Task details
Using the listing below, give again exactly the lines from the line with "Goldner Stoffhosen Damen grün gemustert, 38" to the line with "Miniatura 4 de", inclusive, without the pictures.
[[ Data for this exercise open ]]
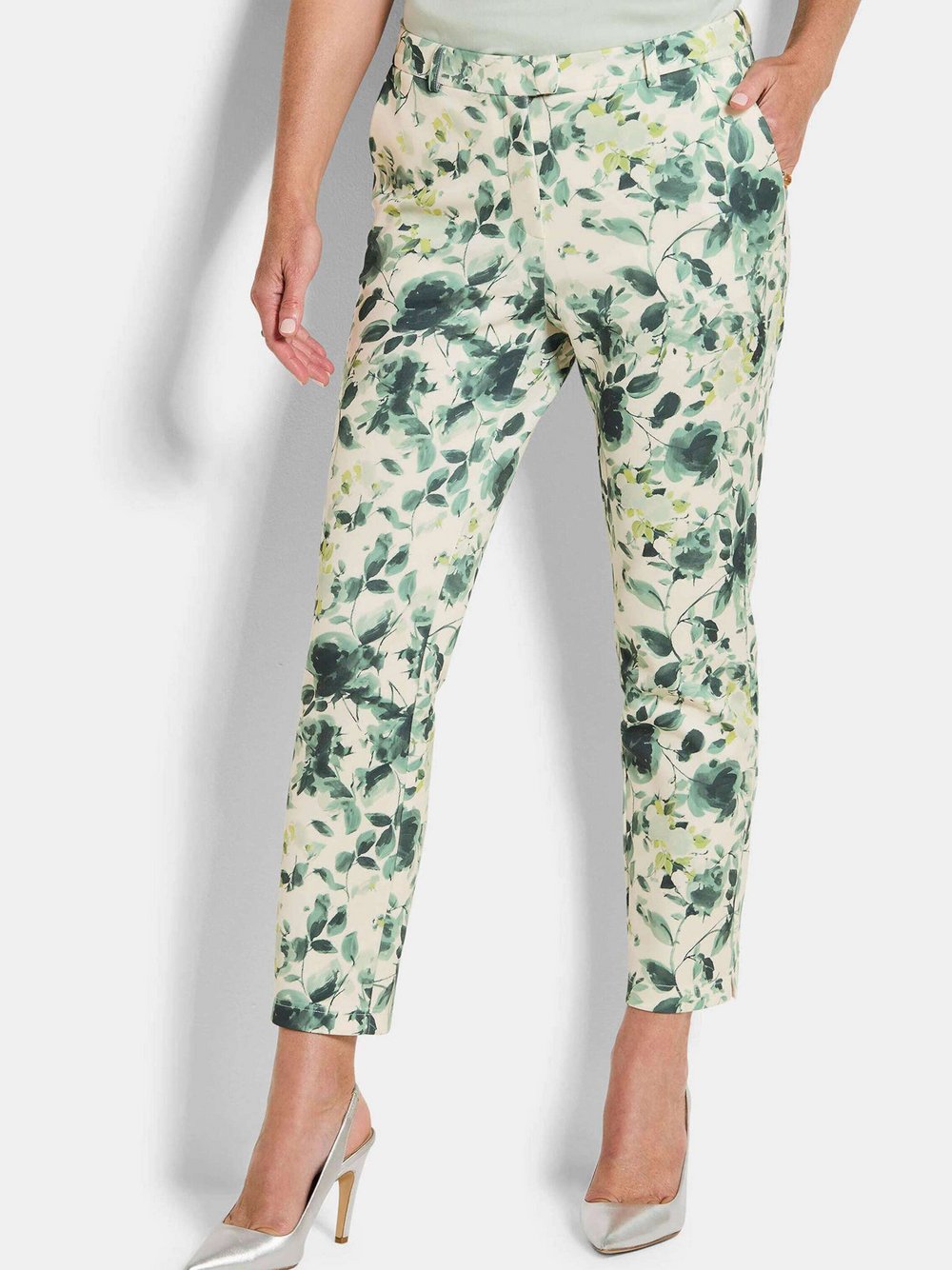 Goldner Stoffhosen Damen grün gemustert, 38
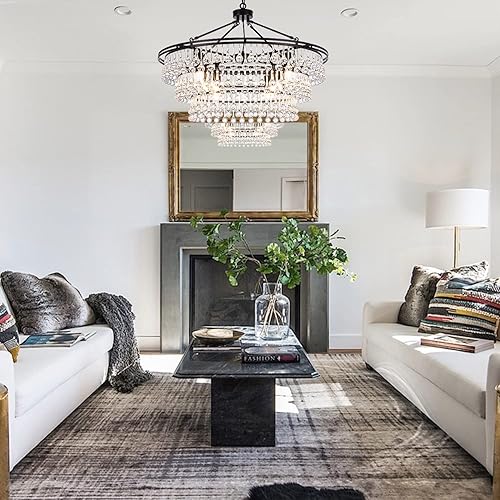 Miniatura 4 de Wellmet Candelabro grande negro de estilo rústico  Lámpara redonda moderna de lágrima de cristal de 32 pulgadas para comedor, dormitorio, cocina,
[[ Data for this exercise closed ]]
[[ Data for this exercise open ]]
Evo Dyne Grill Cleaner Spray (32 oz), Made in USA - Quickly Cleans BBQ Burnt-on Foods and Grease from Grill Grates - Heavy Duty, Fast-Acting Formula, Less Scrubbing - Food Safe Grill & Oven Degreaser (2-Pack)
[[ Data for this exercise closed ]]
Result of the exercise
 Goldner Stoffhosen Damen grün gemustert, 38
 Miniatura 4 de Wellmet Candelabro grande negro de estilo rústico  Lámpara redonda moderna de lágrima de cristal de 32 pulgadas para comedor, dormitorio, cocina,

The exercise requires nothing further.